Give the data again exactly, without images.

==============================

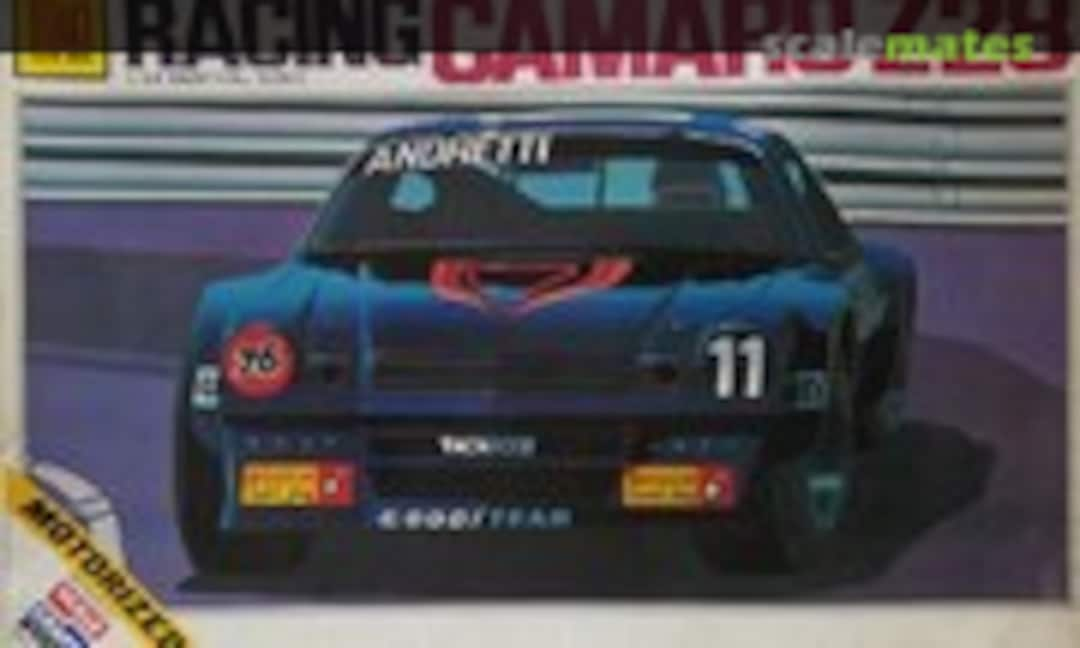 1:24 Racing Camaro Z28 (Otaki/Scale Craft OT3-111)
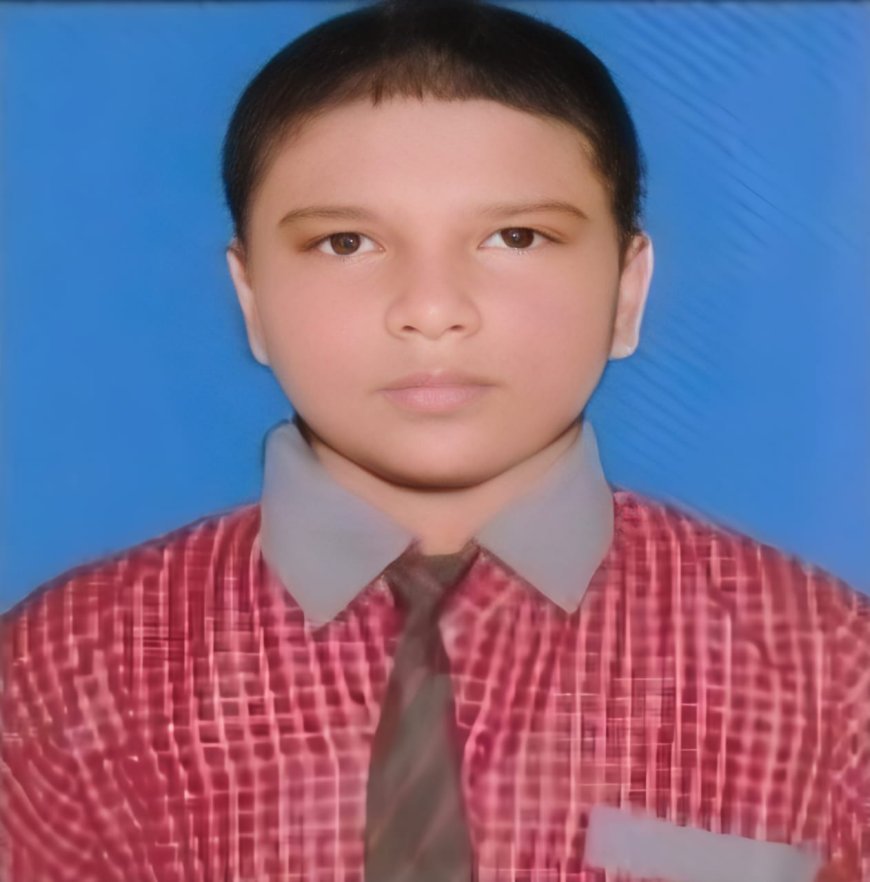 रामगढ़वा। एम.एस. पब्लिक स्कूल के छात्र आयुष सोनी ने सैनिक स्कूल के एंट्रेंस परीक्षा में मारी बाजी, शिक्षकों व शुभचिंतकों ने दिया बधाइ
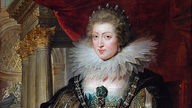 Peter Paul Rubens: Porträt Anna von Österreich 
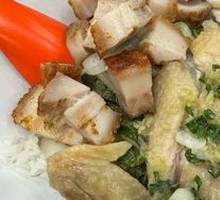 Two-Choice Rice Bowl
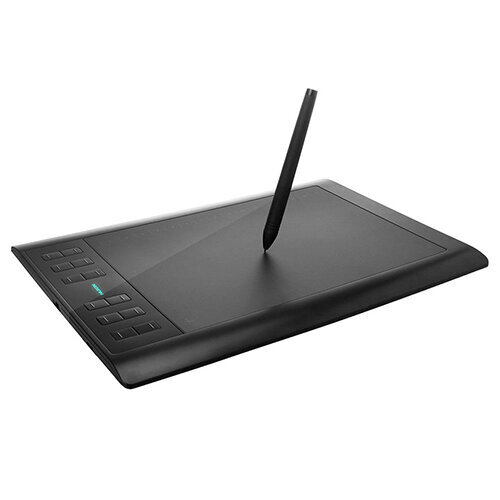 Huion Inspiroy 1060 Plus цена и информация | Piešimo planšetės | pigu.lt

==============================

» Finished exercise
 1:24 Racing Camaro Z28 (Otaki/Scale Craft OT3-111)
 रामगढ़वा। एम.एस. पब्लिक स्कूल के छात्र आयुष सोनी ने सैनिक स्कूल के एंट्रेंस परीक्षा में मारी बाजी, शिक्षकों व शुभचिंतकों ने दिया बधाइ
 Peter Paul Rubens: Porträt Anna von Österreich 
 Two-Choice Rice Bowl
 Huion Inspiroy 1060 Plus цена и информация | Piešimo planšetės | pigu.lt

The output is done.